Indeed, the list of epithets and items – mangalsutras, buffaloes, cricket, government tenders – deployed to obtain the grossest denominational polarisation is getting to be endless, with next to no pushback either from the fourth estate or the catchment of experts who routinely populate prime time shows, with honourable exceptions, it must be said.
Mentions are made but then the “debates” go on after academic observations about how canny Modi’s tactics are, and how all is fair in electoral battles, as among corporate wars. That the electoral contest is indeed projected as war is evidenced by the sort of terms the vernacular media unfailingly applies to a description of campaign episodes; phrases like “hunkar,” “shankh naad,” “vaar/palat vaar,” “hamla,” to underscore a few, cast the democratic contest as a battle reminiscent of the Mahabharata.
From disgraceful scare-mongering about how non-BJP parties, with the Congress always the chief culprit in Modi’s anxious mind, mean to “turn Hindus into second class citizens,” steal “reservations” from the Schedule Castes, Schedule Tribes, and Other Backward Classes and hand them over to Muslims, even steal all the gold from Hindu women to pass on to Muslims, to continuous projections of the Ram temple and fake propaganda about how the Congress will embrace Pakistan etc, Modi has insistently used the majoritarian card to counter his failures on livelihood issues, and his falling ratings among the masses.
One look at the five guarantees he has promised to the people of West Bengal, and it is again clear as daylight that his chief tool for electoral success continues to be religion.
Guarantee number three promises that there will be no hurdles tolerated to the celebration of Ram Navmi; number four vows that no one will be allowed to alter the status of the Ram temple at Ayodhya—as brazenly a cooked-up fear as can be; and number five refers to the Citizenship (Amendment) Act which for the first time in our post-independence, constitutional history, makes religion a criterion for grant of citizenship).

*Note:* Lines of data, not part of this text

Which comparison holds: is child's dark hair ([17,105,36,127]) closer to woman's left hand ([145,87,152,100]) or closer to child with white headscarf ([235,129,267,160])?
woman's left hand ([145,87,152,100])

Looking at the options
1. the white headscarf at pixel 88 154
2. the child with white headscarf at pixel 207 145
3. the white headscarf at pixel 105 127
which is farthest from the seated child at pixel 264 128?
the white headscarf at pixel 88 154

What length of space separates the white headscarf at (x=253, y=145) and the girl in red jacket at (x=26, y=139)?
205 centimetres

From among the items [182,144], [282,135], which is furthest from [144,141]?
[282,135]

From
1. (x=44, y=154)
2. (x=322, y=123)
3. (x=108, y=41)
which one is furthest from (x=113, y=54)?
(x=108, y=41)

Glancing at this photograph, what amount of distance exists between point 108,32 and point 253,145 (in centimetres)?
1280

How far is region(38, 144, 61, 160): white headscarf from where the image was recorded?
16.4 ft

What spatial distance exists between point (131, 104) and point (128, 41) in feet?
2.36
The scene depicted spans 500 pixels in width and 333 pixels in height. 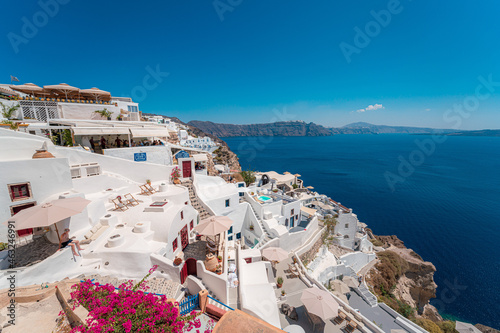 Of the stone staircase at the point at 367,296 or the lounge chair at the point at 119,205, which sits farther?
the stone staircase at the point at 367,296

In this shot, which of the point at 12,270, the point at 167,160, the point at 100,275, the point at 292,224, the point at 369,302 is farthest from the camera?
the point at 292,224

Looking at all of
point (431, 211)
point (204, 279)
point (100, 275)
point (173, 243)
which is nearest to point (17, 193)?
point (100, 275)

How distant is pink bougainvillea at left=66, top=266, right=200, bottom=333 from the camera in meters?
5.53

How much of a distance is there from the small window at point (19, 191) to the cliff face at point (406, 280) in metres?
38.4

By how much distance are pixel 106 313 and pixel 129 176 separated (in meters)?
15.5

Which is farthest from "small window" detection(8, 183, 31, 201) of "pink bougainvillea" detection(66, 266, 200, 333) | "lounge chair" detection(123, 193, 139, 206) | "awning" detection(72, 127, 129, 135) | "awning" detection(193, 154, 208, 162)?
"awning" detection(193, 154, 208, 162)

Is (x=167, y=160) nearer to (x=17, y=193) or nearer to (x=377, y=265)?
(x=17, y=193)

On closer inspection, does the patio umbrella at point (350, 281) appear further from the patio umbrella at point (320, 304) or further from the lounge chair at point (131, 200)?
the lounge chair at point (131, 200)

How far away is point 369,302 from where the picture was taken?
20.9m

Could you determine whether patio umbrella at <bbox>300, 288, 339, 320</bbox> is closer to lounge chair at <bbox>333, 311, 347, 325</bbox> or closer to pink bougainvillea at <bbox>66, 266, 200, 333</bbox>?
lounge chair at <bbox>333, 311, 347, 325</bbox>

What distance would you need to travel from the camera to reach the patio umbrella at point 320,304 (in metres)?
12.7

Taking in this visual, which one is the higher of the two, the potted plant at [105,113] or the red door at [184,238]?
the potted plant at [105,113]

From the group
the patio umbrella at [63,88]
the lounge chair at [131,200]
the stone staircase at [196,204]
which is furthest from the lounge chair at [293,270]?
the patio umbrella at [63,88]

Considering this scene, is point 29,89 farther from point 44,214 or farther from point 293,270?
point 293,270
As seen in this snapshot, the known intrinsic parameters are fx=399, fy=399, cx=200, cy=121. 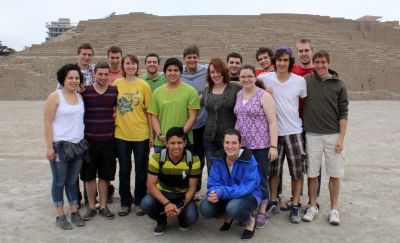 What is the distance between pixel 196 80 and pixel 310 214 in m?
2.05

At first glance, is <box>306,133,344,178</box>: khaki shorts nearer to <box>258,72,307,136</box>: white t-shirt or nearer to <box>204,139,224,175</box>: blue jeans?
<box>258,72,307,136</box>: white t-shirt

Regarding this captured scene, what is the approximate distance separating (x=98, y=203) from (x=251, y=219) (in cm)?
198

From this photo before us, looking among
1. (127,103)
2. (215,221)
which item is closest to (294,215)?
(215,221)

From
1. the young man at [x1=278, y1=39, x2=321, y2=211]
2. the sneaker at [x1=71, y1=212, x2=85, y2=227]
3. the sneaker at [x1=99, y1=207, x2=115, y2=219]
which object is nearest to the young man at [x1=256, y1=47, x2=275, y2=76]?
the young man at [x1=278, y1=39, x2=321, y2=211]

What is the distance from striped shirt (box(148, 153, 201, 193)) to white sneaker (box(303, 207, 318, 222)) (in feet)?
4.31

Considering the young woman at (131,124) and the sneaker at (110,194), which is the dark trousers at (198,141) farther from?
the sneaker at (110,194)

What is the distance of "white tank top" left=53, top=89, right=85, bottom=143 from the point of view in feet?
13.5

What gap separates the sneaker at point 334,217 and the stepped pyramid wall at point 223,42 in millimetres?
18074

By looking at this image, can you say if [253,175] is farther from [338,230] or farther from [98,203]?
[98,203]

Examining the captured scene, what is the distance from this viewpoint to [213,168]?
3.97m

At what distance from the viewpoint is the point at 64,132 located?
4.12 metres

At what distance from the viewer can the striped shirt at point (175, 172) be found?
4.05m

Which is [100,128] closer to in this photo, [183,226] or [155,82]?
[155,82]

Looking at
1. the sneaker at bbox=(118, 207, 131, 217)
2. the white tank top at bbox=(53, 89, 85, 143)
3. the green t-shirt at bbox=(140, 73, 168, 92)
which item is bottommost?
the sneaker at bbox=(118, 207, 131, 217) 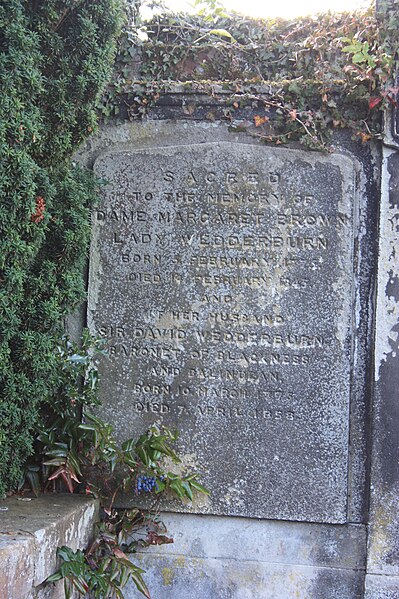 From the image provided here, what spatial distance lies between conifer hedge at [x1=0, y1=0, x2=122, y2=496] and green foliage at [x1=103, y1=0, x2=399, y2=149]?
453 millimetres

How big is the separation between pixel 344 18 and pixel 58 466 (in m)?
A: 2.84

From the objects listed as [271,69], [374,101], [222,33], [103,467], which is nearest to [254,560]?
[103,467]

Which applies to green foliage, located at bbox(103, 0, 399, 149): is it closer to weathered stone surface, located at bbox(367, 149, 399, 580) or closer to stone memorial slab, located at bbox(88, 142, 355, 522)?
stone memorial slab, located at bbox(88, 142, 355, 522)

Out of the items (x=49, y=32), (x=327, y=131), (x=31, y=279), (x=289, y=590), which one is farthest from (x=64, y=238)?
(x=289, y=590)

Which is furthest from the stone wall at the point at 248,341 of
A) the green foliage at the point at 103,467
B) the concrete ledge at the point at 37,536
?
the concrete ledge at the point at 37,536

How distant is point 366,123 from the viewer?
334cm

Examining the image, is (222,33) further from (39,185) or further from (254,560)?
(254,560)

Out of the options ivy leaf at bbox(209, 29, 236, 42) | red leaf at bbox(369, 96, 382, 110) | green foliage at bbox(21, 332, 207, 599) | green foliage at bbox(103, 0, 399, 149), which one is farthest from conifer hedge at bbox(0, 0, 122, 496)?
red leaf at bbox(369, 96, 382, 110)

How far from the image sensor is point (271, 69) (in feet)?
11.6

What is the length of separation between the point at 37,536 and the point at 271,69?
2680 millimetres

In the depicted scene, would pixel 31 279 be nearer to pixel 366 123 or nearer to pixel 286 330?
pixel 286 330

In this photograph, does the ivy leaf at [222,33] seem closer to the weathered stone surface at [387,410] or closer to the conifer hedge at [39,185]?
the conifer hedge at [39,185]

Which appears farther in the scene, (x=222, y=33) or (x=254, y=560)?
(x=222, y=33)

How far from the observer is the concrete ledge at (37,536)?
7.78 ft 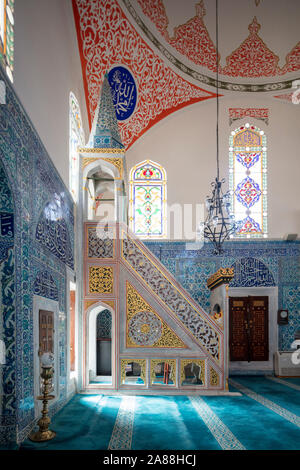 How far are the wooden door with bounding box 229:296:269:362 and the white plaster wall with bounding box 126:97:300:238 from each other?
156 cm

None of the above, the Election Commission would have us believe, amounts to a violation of the constitutional injunction or the provisions of the People’s Representation Act which forbid discriminating among citizens on denominational grounds or using religion to appeal for votes.
Cutely, his guarantee number one – namely, that religion cannot be a basis for granting reservations – seems to Modi the only constitutional caution against the use of religion in matters of state function.

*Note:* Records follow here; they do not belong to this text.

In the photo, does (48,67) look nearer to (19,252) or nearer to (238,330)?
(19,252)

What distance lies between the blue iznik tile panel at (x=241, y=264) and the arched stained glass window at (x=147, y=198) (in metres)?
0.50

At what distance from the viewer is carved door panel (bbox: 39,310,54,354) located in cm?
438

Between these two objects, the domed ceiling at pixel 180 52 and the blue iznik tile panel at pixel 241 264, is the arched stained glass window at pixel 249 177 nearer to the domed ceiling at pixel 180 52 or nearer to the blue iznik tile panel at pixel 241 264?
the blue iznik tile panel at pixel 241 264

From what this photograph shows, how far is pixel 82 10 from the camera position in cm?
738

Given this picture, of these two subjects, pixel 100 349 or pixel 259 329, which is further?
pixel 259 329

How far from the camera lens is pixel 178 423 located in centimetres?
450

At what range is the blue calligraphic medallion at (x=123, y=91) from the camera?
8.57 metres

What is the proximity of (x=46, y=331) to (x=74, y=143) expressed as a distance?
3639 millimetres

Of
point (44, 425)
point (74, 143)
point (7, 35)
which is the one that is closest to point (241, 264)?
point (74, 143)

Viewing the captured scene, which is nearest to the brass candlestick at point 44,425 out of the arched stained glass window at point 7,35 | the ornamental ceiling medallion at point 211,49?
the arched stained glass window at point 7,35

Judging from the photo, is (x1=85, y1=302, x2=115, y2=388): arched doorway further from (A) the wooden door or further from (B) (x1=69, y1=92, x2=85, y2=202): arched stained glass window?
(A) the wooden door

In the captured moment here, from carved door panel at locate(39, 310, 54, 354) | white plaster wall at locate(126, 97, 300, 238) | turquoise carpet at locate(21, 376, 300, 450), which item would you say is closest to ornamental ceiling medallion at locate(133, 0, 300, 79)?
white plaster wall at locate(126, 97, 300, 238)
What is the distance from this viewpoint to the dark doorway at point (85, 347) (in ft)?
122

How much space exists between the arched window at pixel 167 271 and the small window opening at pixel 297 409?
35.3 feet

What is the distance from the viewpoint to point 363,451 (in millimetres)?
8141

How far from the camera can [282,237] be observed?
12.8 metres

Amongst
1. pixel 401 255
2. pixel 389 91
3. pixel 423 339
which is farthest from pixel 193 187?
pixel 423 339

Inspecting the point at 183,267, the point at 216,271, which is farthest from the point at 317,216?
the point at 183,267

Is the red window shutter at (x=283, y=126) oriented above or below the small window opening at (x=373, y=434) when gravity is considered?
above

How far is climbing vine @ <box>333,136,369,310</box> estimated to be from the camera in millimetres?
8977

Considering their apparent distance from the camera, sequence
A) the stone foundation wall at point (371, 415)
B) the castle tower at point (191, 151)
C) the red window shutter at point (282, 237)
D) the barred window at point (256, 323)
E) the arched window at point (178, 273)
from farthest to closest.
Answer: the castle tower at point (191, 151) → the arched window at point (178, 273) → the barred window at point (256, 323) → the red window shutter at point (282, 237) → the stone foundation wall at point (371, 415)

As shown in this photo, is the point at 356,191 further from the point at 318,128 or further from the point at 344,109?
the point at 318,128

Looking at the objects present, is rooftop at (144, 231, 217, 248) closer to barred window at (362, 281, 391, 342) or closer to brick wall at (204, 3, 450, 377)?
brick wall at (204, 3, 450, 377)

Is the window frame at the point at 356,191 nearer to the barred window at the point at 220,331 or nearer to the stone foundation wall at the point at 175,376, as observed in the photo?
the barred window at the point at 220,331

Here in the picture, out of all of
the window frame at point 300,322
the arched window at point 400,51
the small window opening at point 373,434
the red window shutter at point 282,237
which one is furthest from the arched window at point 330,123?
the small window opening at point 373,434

Accusing the opposition of being Muslim-friendly, he has no problem with making a no-holds-barred Hindu (read: upper caste Hindu) friendly frenzy as his chief campaign gambit.
Modi’s success lies in the fact that both the media and the elites seem to think that being pro-Hindu is not a religious phenomenon, but a nationalist one—an eventuality that Jawaharlal Nehru had cautioned us against when he predicted how the communalism of the minority will be referred to as communalism, but that of the majority as nationalism.
It is the best-known secret that the one word, most of all among many others, in the constitution that the right-wing wish to eject is the word “secular” in the Preamble. And yet we are to believe that it is not Modi who has been pressing religion into political service with undiminished resolve and fury but the opposition which has been doing so.
This against the starkly demonstrable fact that the electoral campaign of the INDIA alliance has unrelentingly centred on non-religious, livelihood concerns of all citizens.
Many who may well be helpless in countering in any large-scale measure the make-over of the republic, ought at least not to descend to hypocrisy, but remain sentient about the fate that seems to be overtaking the nation.